Yesterday Slovenian police arrested Igor Bavčar, formerly of Istrabenz and Boško Šrot, formerly of Laško Brewery. In a surprise move, both were taken into custody as were nineteen other individuals in what is most likely and orchestrated manoeuvre to hit as many birds with one stone as possible.
Igor Bavčar and Boško Šrot were arrested yesterday morning (source: RTVSLO)
Media speculation is centered around a 7.3 percent share of Istrabenz which had changed quite a few owners lately. Reportedly this is the best lead the investigators have if they are to prove that Bavčar and Šrot acted in concert when they tried to take over Istrabenz and Laško respectively, which – as you know – was the supposed “reward” (via under-the-table sale of Mercator) for helping Janez Janša to get a grip on Delo newspaper in 2005. Things, however, got badly out of hands, Boško Šrot ditched Janša who (as PM) declared war against tycoons and went specifically after Šrot, by ways of having a couple of construction barons arrested in Operation Clean Shovel.
However, Janša was removed from power in last years elections and it just so happened that the two “model tycoons” were arrested during the tenure of the government which Janša claimed is sponsored by those very tycoons, especially Boško Šrot (Janša always took it easy with Bavčar, to whom he is forever indebted for launching him into the mainstream political orbit in 1988). Admittedly most of the arrested were subsequently released (including Igor and Boško) once the crim police collected the evidence, but fact of the matter is that since the “game over” moment things went downhill for both of them.

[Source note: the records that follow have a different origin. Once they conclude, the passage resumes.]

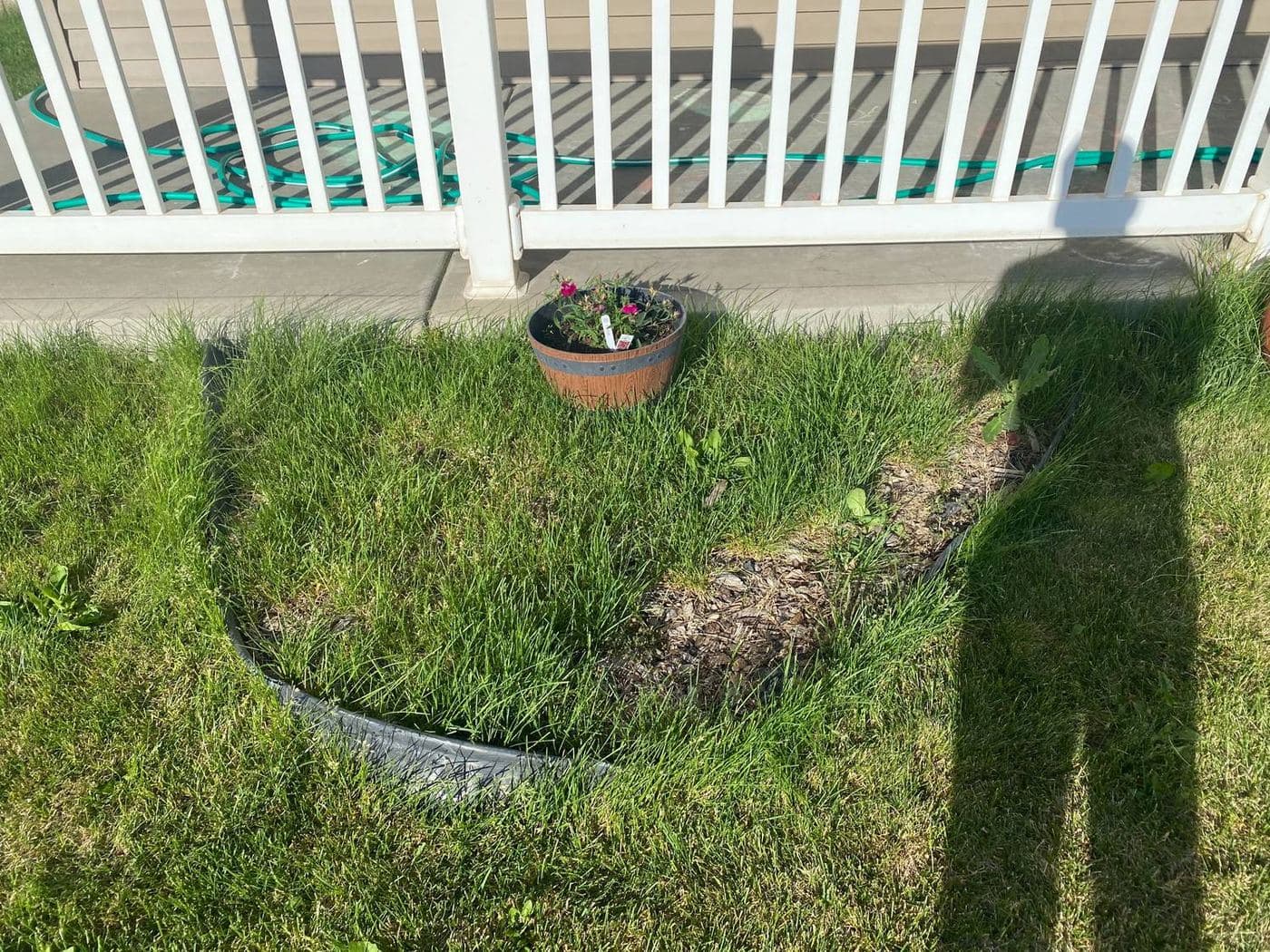 Overgrown, weed-choked garden bed before restoration in Caldwell, Idaho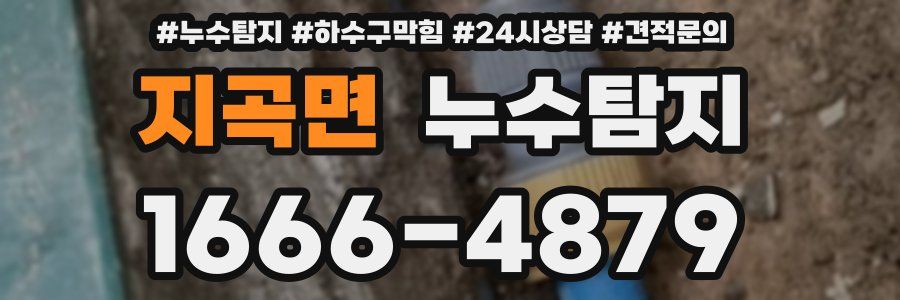 누수탐지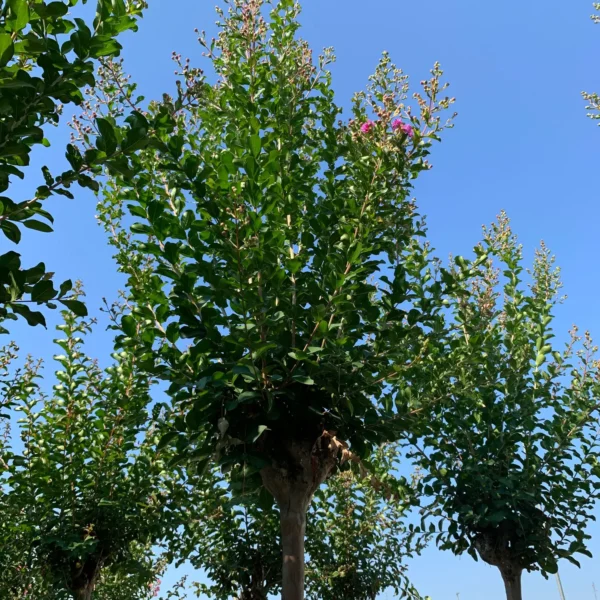 Lagerstroemia Ind. Superviolacea (Lagerstremija)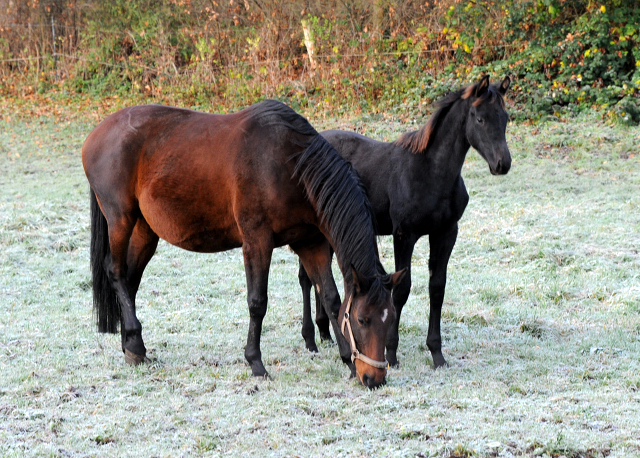 27. November 2021 in Hmelschenburg  - Foto: Beate Langels - Trakehner Gestt Hmelschenburg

Having said that, it must be noted that arrests came at an extremely convenient time: government of Borut Pahor is taking more and more flak for ramming through the deal with Croatian PM Jadranka Kosor and at the same time the government is having increasing difficulties in handling the crisis, with companies going bust or on strike (or both). It was only yesterday night than an agreement on whether to keep the pensions at their current level for the next couple of years or have them increased yearly in accordance with inflation. The agreement made passing the next years’s budget possible, but only after some serious wrangling between PM Pahor and president of coalition DeSUS (pensioners’ party) Karel Erjavec, where Pahor even threatened to demand a vote of confidence in the parliament. Ultimately the deal was reached, but apparently it left a sour taste in everybody’s mouth. Yesteday’s arrests will (at least) temporarily divert the public attention on other issues.
And while I’m on it. Just like I resented Janša photo-opping the moment of the arrest, I must say that I’m equally
appealed appalled by this practice continuing under the new government. I know they go for maximum public effect, but there are limits to this.